Thanks for the info Stefan but it had no effect.

I tried putting the results into an array and using ' *.jpg ' but was not sure that '*.jpg' could be used. Now I see it can I will have another go tonight.

Any other help would be gratfuly recived.

Anthony

[Bonzo]

I am still trying to get this to work and have found another method that I still cant get to work.

PHP Code:

$myDirectory = opendir("$image_path");



    while($entryName = readdir($myDirectory))

    {

    $dirArray[]=$entryName;

    }



 function select_png($select)

{

    return($select == '*.png');

}



// line to view what results I am getting ; currently Array ( )

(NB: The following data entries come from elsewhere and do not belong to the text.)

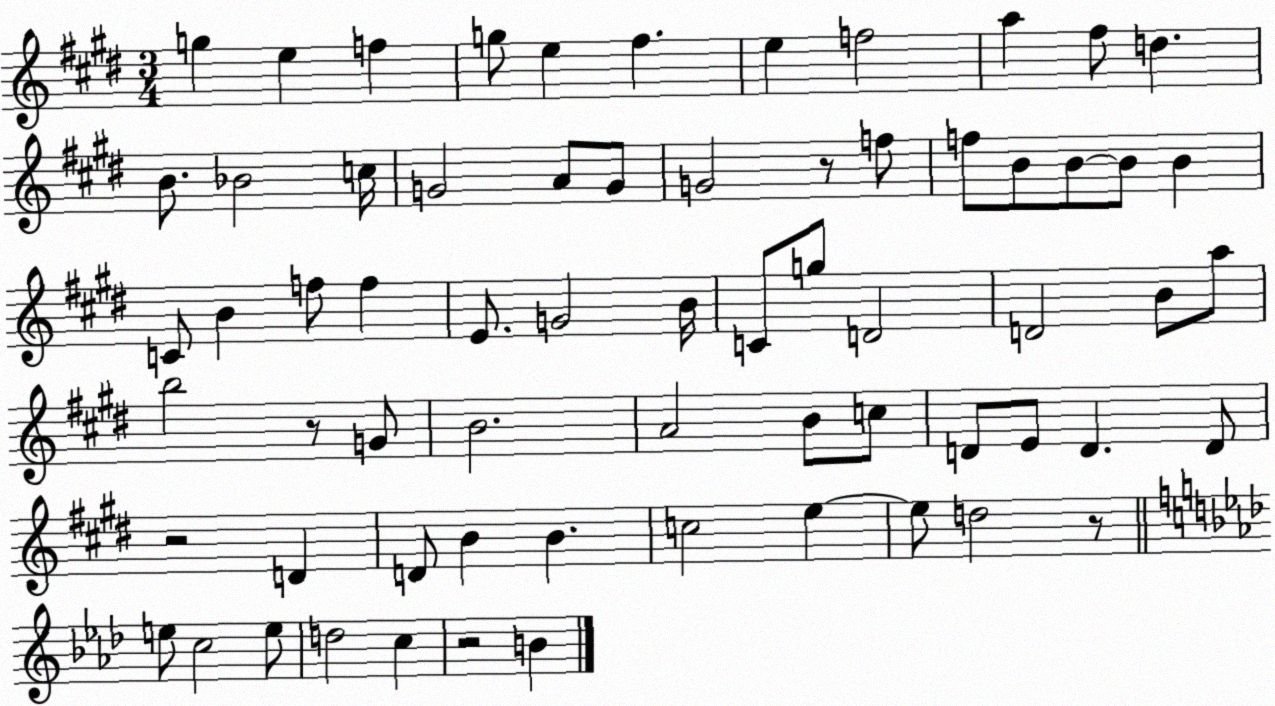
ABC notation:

X:1
T:Untitled
M:3/4
L:1/4
K:E
g e f g/2 e ^f e f2 a ^f/2 d B/2 _B2 c/4 G2 A/2 G/2 G2 z/2 f/2 f/2 B/2 B/2 B/2 B C/2 B f/2 f E/2 G2 B/4 C/2 g/2 D2 D2 B/2 a/2 b2 z/2 G/2 B2 A2 B/2 c/2 D/2 E/2 D D/2 z2 D D/2 B B c2 e e/2 d2 z/2 e/2 c2 e/2 d2 c z2 B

 print_r(array_filter($dirArray, "select_png")); 

Can someone help me out ?

Anthony

[blaw]

Hi there,

Maybe you want to this.

PHP Code:

$myDirectory = opendir("$image_path");

while($entryName = readdir($myDirectory)) {

    if (substr($entryName, -3) == 'jpg') {

        $dirArray[]=$entryName;

    }

} 

Trick here is that you check if each file you're getting from the directory resource is a jpg file or not by looking at the last three characters of it (with substr()). It doesn't check the actual file type, so even if it's an myapp.exe file renamed as myapp.jpg, this code will pick it up.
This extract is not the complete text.